» Data section
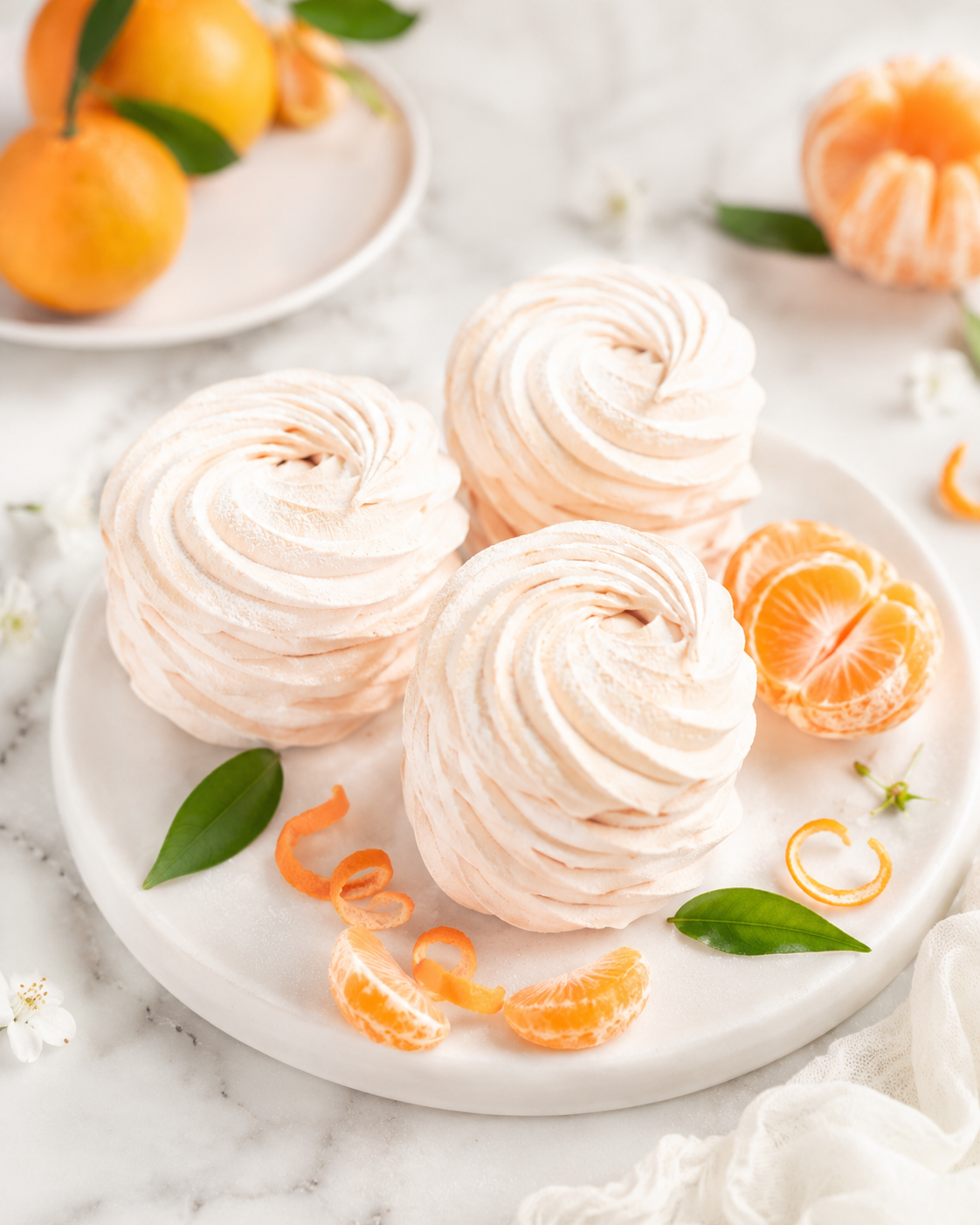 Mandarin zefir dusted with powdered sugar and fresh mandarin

--

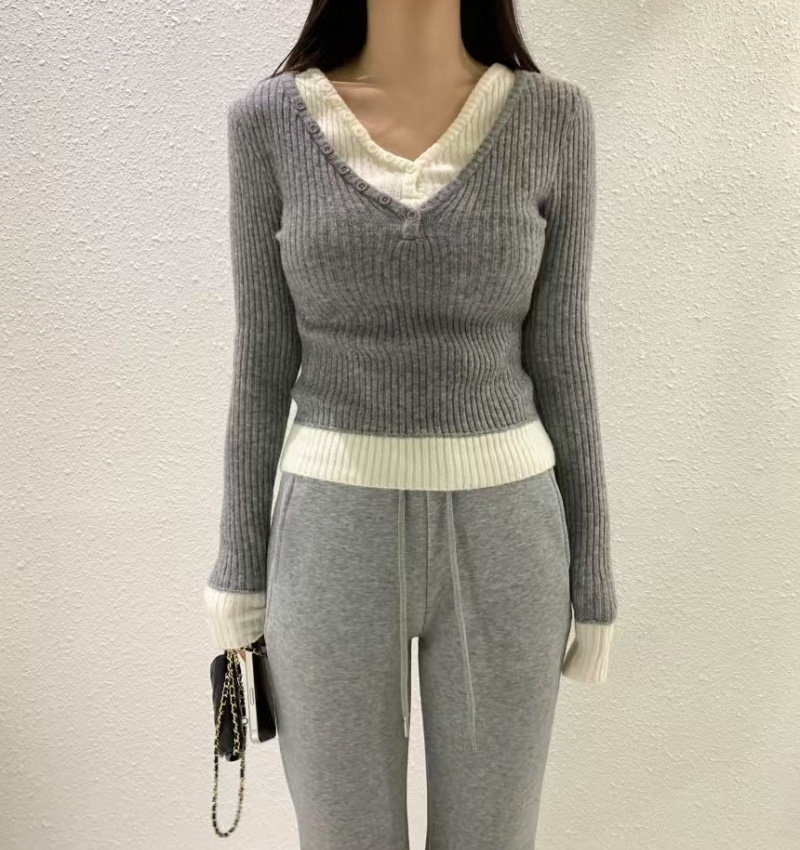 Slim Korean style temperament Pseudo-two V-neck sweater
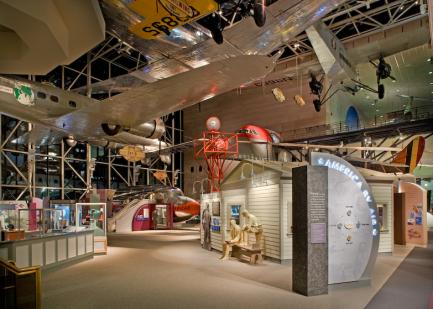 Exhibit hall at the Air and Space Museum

==

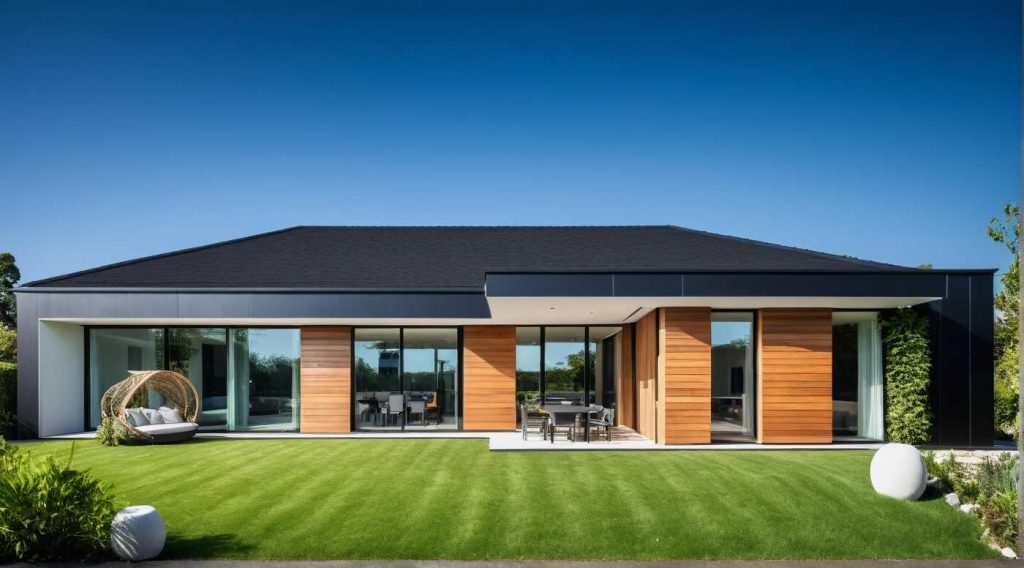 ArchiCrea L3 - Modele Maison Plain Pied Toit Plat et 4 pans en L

» What to produce
Beginning with the line that contains "Slim Korean style" and ending with the line that contains "Exhibit hall at the Air and Space Museum", reproduce the listing exactly, pictures excluded.

» Result of this task
 Slim Korean style temperament Pseudo-two V-neck sweater
 Exhibit hall at the Air and Space Museum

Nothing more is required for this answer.